§ **Activity**:
Please reproduce all of the listing below exactly and drop its images.

(Beginning of Provided material)

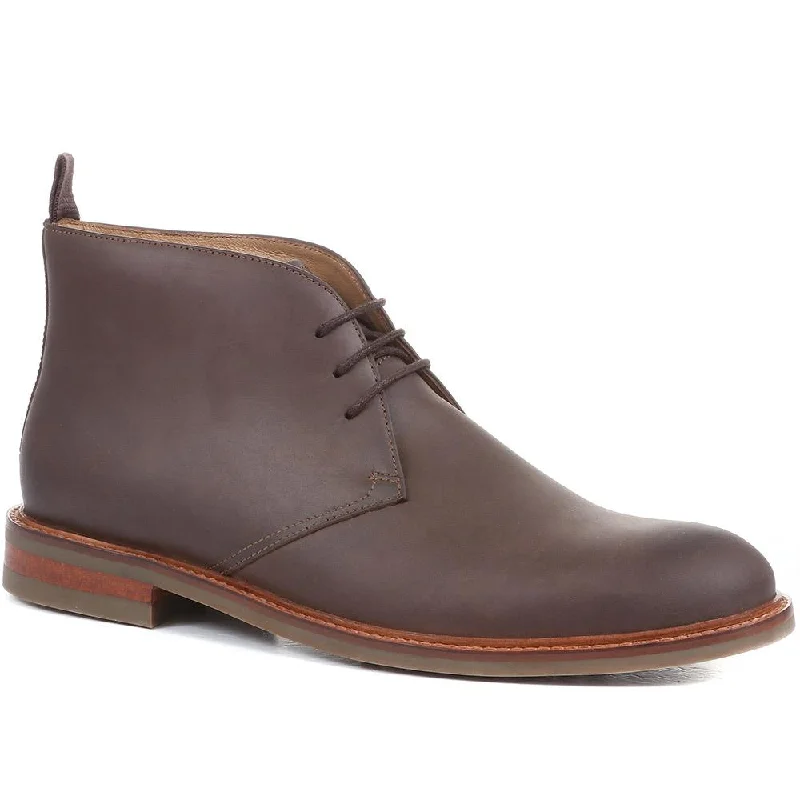 Men's full - grain leather chukka boots for durability and qualityDriffield Leather Chukka Boots - DRIFFIELD / 322 608 Men's full - grain leather chukka boots for durability and qualityDriffield Leather Chukka Boots - DRIFFIELD / 322 608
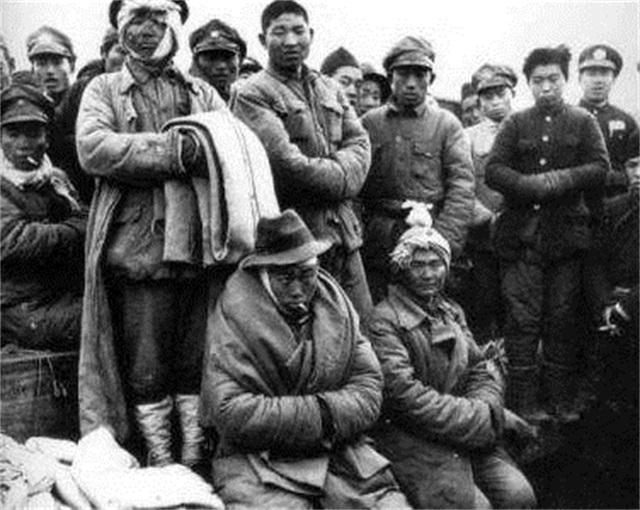 国军也曾建立敌后根据地,可为何越打越弱,兵力持续减少?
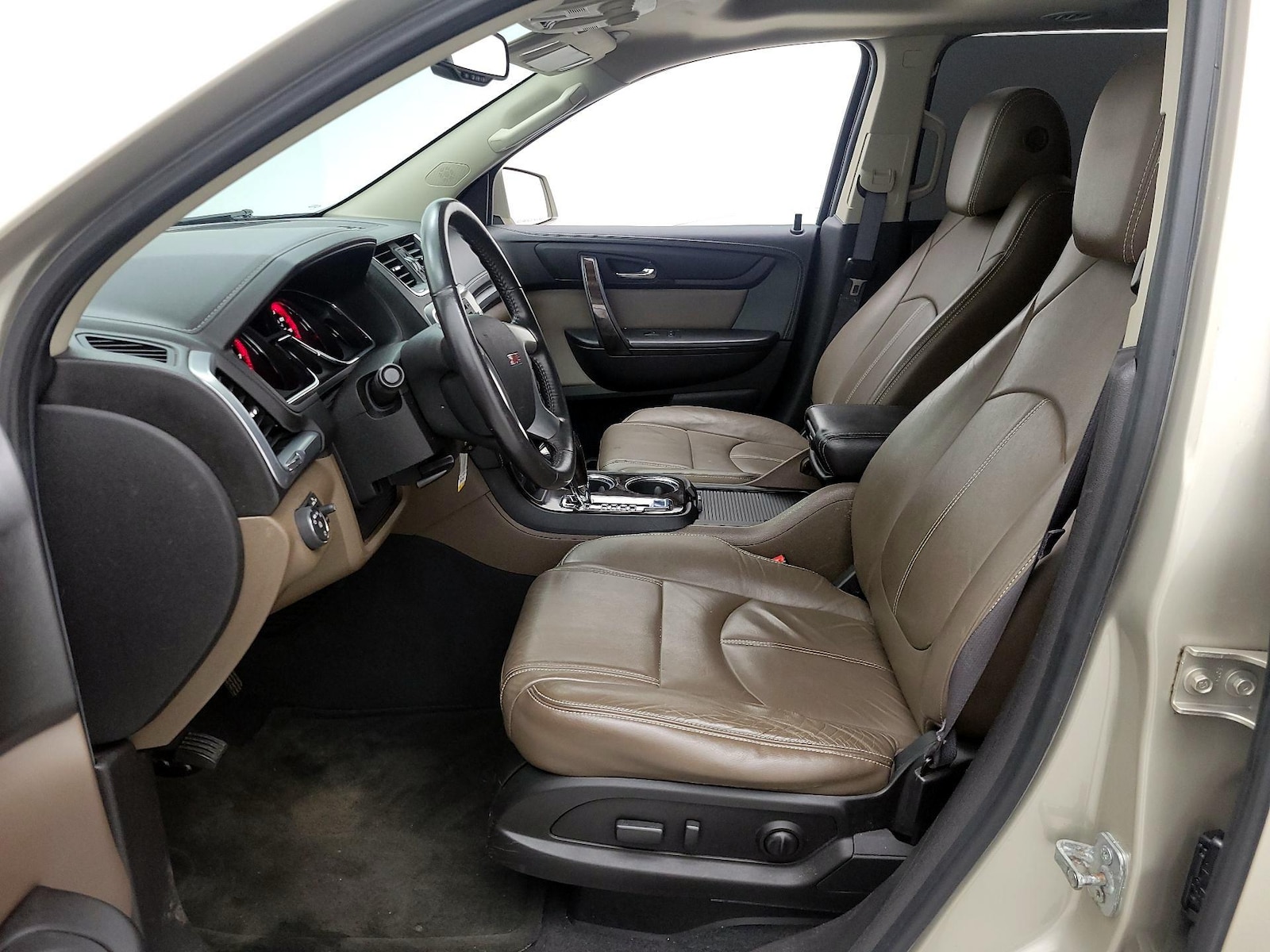 2015 GMC Acadia SLT1 - Photo 12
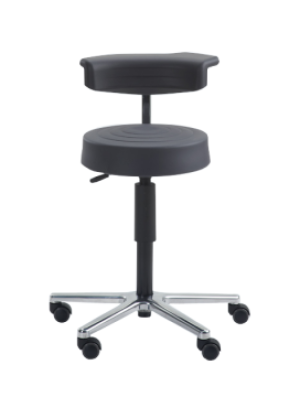 PU 2950 Hocker 360°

(End of Provided material)

§ **Expected output**:
 Men's full - grain leather chukka boots for durability and qualityDriffield Leather Chukka Boots - DRIFFIELD / 322 608 Men's full - grain leather chukka boots for durability and qualityDriffield Leather Chukka Boots - DRIFFIELD / 322 608
 国军也曾建立敌后根据地,可为何越打越弱,兵力持续减少?
 2015 GMC Acadia SLT1 - Photo 12
 PU 2950 Hocker 360°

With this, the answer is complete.